Wird BIM daher durch solche Veränderungen für alle Unternehmen ein Muss?

Grundsätzlich kann BIM bei allen Bauprojekten eingesetzt werden. Dabei wird sich die Technologie mittel- bis langfristig zum Standard entwickeln. Somit sollte sich jeder Akteur der Bauwirtschaft mit BIM beschäftigen. Dennoch sind auch die Größe des Vorhabens und die Frage, ob es sich um ein öffentliches oder privates Projekt handelt für den Einsatz entscheidend. Bei kleinen Bauentwürfen oder in kleinen Bauunternehmen ist der Einsatz heute noch nicht unbedingt erforderlich, während die öffentliche Hand BIM ab 2020 als Standard für Ausschreibungen verlangt. Kleinere Unternehmen können BIM jedoch beispielsweise auch zur Visualisierung ihrer Bauobjekte einsetzen. Dann kann der Bauherr vor dem ersten Spatenstich vor Ort sein finales Projekt mit der Virtual Reality-Brille begehen oder im Rohbau mithilfe von Augmented Reality die Steckdosen versetzen lassen oder sich aufgrund der Optik für Parkett statt Laminat entscheiden. Außerdem lassen sich mit BIM die Bauten einfacher standardisieren, was Kosten spart.

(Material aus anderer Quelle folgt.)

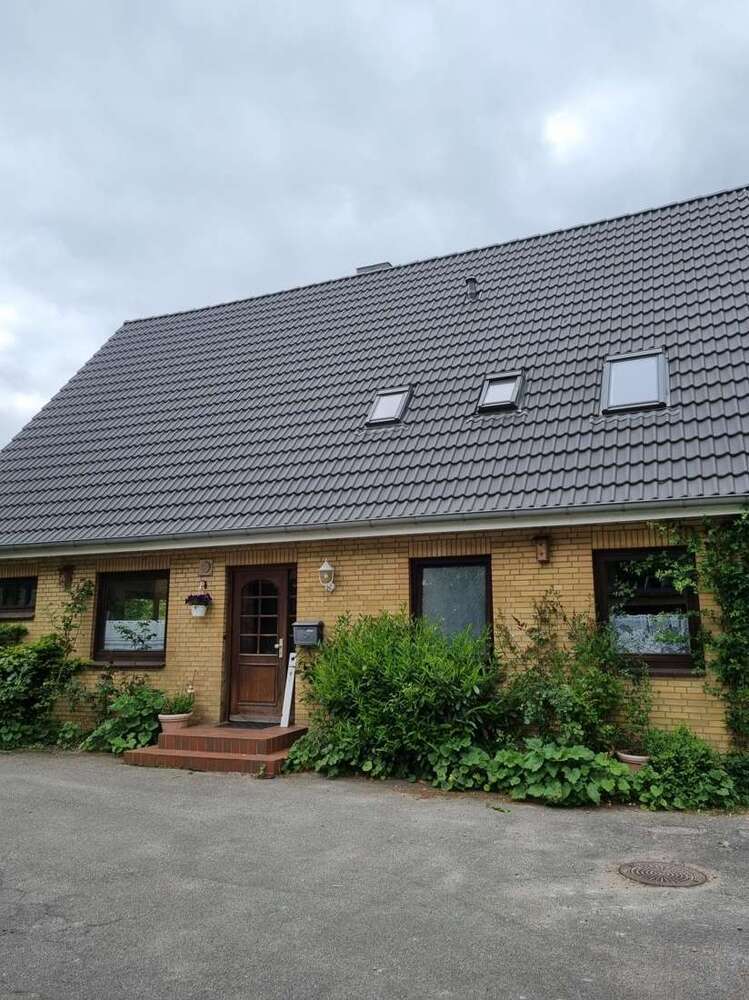 Haus zum Kaufen in Harrislee 438.999 € 164 m²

Welche Herausforderungen sind mit der Entscheidung für einen BIM-Einsatz verbunden?

Einerseits ist es ein Kostenthema. Bevor sich Einsparungen bemerkbar machen, müssen die Unternehmen in die Software, die Datenbank und Personal, das damit umgehen kann – Kompetenzen müssen trainiert werden – investieren. Andererseits sollte BIM von allen am Lebenszyklus eines Bauwerks Beteiligten genutzt werden. Das betrifft auch den Betrieb, der in Zukunft die Gebäudeverwaltung übernimmt. Für ihn lassen sich schon in der Planungsphase zukünftige Betriebs- oder Wartungskosten errechnen. Außerdem werden anfallende Reparaturkosten deutlich gesenkt, da etwa bei einem defekten Heizungsrohr alle Leitungen und Wände in BIM visualisiert sind. Der Handwerker weiß dann genau, wo er wie anpacken muss.

Genau diese phasenübergreifende Zusammenarbeit aller Akteure ist es ja, die den Einsatz von BIM zusätzlich so attraktiv macht, oder?

Richtig. BIM vereinfacht nicht nur die Planung, sondern stellt die digitale Unterstützung des gesamten Bauprojekts dar – von der Entwicklung bis zum Betrieb. Alle Informationen werden überführt in ein kollaboratives Bausystem, auf das alle Akteure digital Zugriff haben. In der Regel spricht man von 6 Stufen der BIM Entwicklung. In Deutschland befinden wir uns derzeit erst am Anfang auf der ersten. Stufe 6 wäre schließlich die volle Integration aller Beteiligten in BIM. Es kann davon ausgegangen werden, dass diese Stufe in zehn Jahren erreicht wird. Dabei wird im optimalen Fall eine offene Plattform genutzt, die alle Baudaten in ein Modell integriert. Die BIM-Objekte sind dabei standardisiert, zum Beispiel durch den Standard IFC. Alle Informationen wie Termine oder Mengenangaben können dann von allen am Bau Beteiligten in Echtzeit abgerufen und bearbeitet werden.